Im Gegenzug warnt der Papst vor einer Kommunikation, die sich zwar vom technischen Gesichtspunkt aus weiterentwickelt, aber dabei die „Connection“, die Verbindung zum menschlichen Wesen verliert und dabei, so schreibt Franziskus sinngemäß, vom Schreibtisch aus vorgefertigte und gleichförmige Informationen hervorbringt - ohne sich die Schuhsohlen abzulaufen, ohne jemals selbst auf die Straße zu gehen und dabei die Möglichkeit zu ergreifen, selbst zu sehen, Nachrichten zu verifizieren und, vor allem, den Menschen zu begegnen und deren Geschichten zu teilen.

Ein Senior in Afrika hört Radio auf seinem betagten Empfänger
Ein Senior in Afrika hört Radio auf seinem betagten Empfänger

Immer mehr geschieht auch die Verbreitung von Nachrichten, so wie auch von Radiosendungen, über das Internet. Papst Franziskus sieht das vor allem als neue Gelegenheit, sofern diese mit Sinn und kritischem Verstand genutzt wird. Der Papst bezieht sich vor allem auf die Sozialen Netzwerke, wenn er schreibt: 

„Dieses kritische Bewusstsein führt nicht dazu, dieses Instrument an sich zu verteufeln, sondern es verhilft zu einem besseren Unterscheidungsvermögen und einem reiferen Verantwortungsbewusstsein sowohl bei der Verbreitung als auch beim Empfang von Inhalten. Wir alle sind verantwortlich für die Kommunikation, die wir betreiben, für die Informationen, die wir verbreiten, für die Kontrolle, die wir gemeinsam über falsche Nachrichten ausüben können, indem wir sie entlarven. Wir alle sind aufgerufen, Zeugen der Wahrheit zu sein: zu gehen, zu sehen und zu teilen.“

Hintergrund

Der Welttag des Radios wird am 13. Februar begangen.

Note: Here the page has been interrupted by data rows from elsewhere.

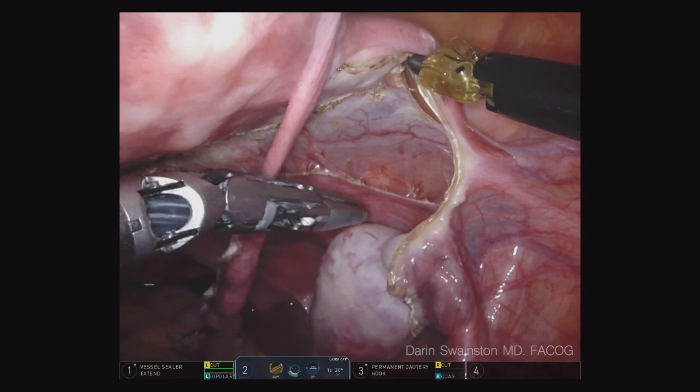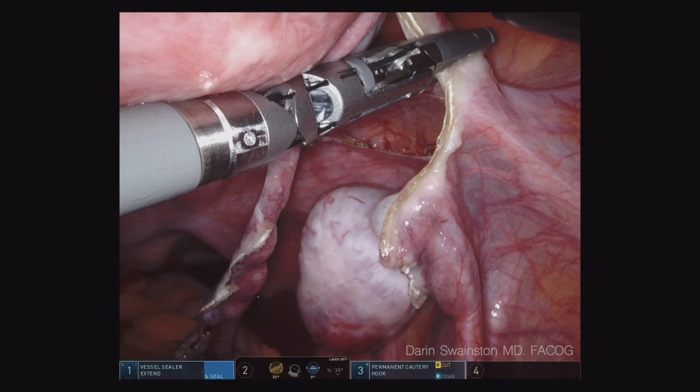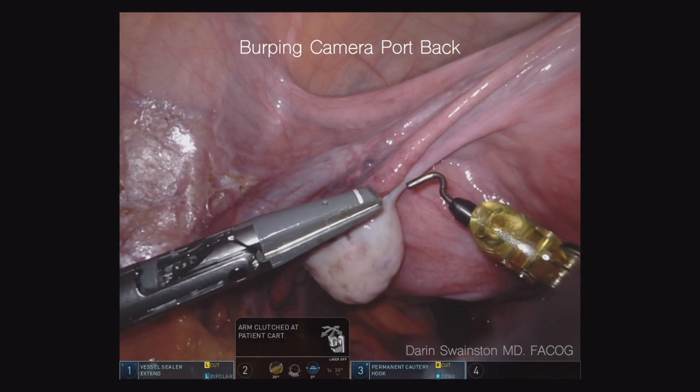Notice that movement up and out — that's the only time I then cut the round ligament. You want to take advantage of that round ligament as a way of dissecting. Same thing happens on the other side. Try to pick an avascular area. We're going to pull the camera back. We use the 30-degree down — it just gives us more options.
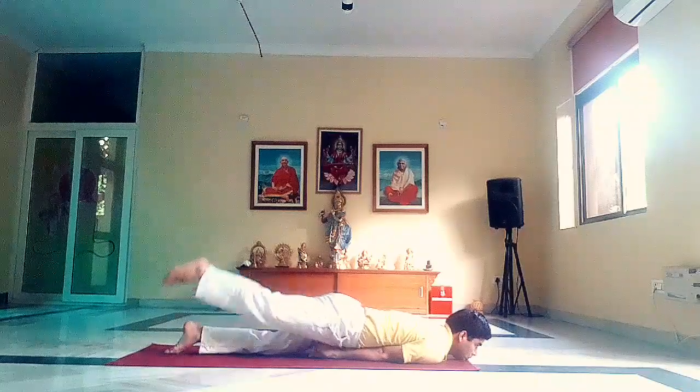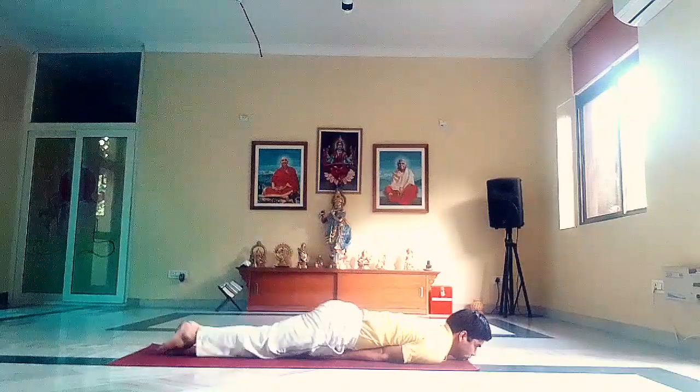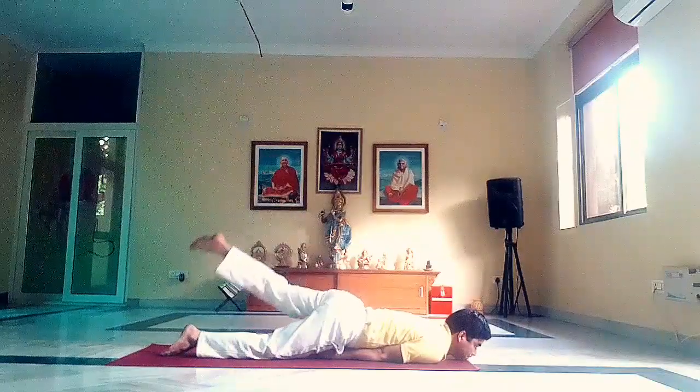Inhale. Lift your right leg up as high as you can. Do not tilt your hips. Down, exhale. Now left leg up, inhale. Down, exhale.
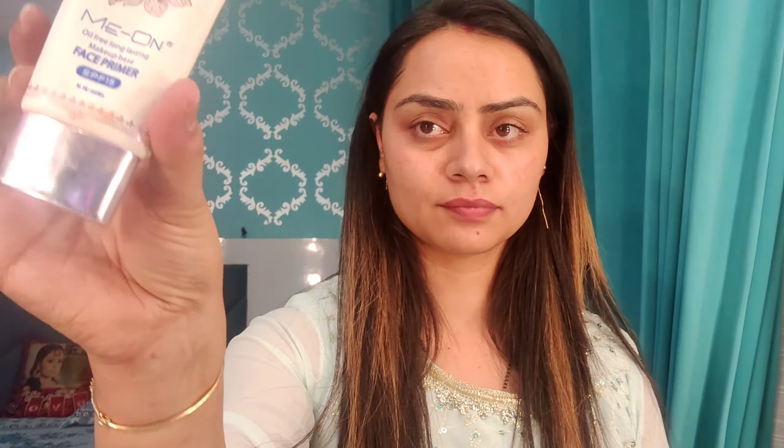First of all, I started with a bare face and I used cleansing, toning, and moisturizer. I am using Ponds — it is a very good moisturizer and one of my favorites. I am using Mion primer. I am using a lot of primer, but today I thought I'll do full makeup so let's prime our face. I put a little primer on.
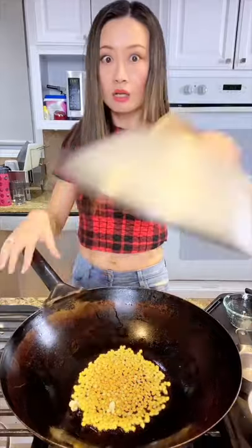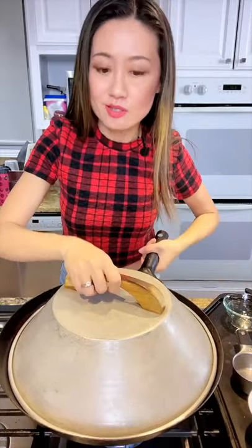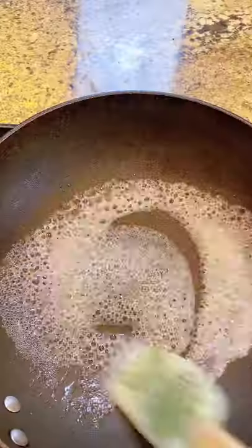Just watch. One pop, close right away. Like every 10 seconds, shake, shake. Look at that. Quarter cup water and 5 tablespoons sugar. You can keep watching.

Er fand 2012 zum ersten Mal statt. Die Generalkonferenz der UNESCO hat den Weltradiotag in Erinnerung an die Gründung des United Nations Radio am 13. Februar 1946 ausgerufen. Der Beschluss fiel auf der Generalkonferenz vom 3. November 2011 auf Anregung Spaniens.

Der Sender des Papstes, Radio Vatikan, feiert in diesen Tagen seinen 90. Geburtstag. Gegründet wurde der Sender am 12. Februar 1931 von Papst Pius XI. Mit der Organisation betraute der Papst den Jesuitenorden, der bis heute mit dem Vatikan eine Vereinbarung über Dienstleistungen im Kommunikationssektor hat.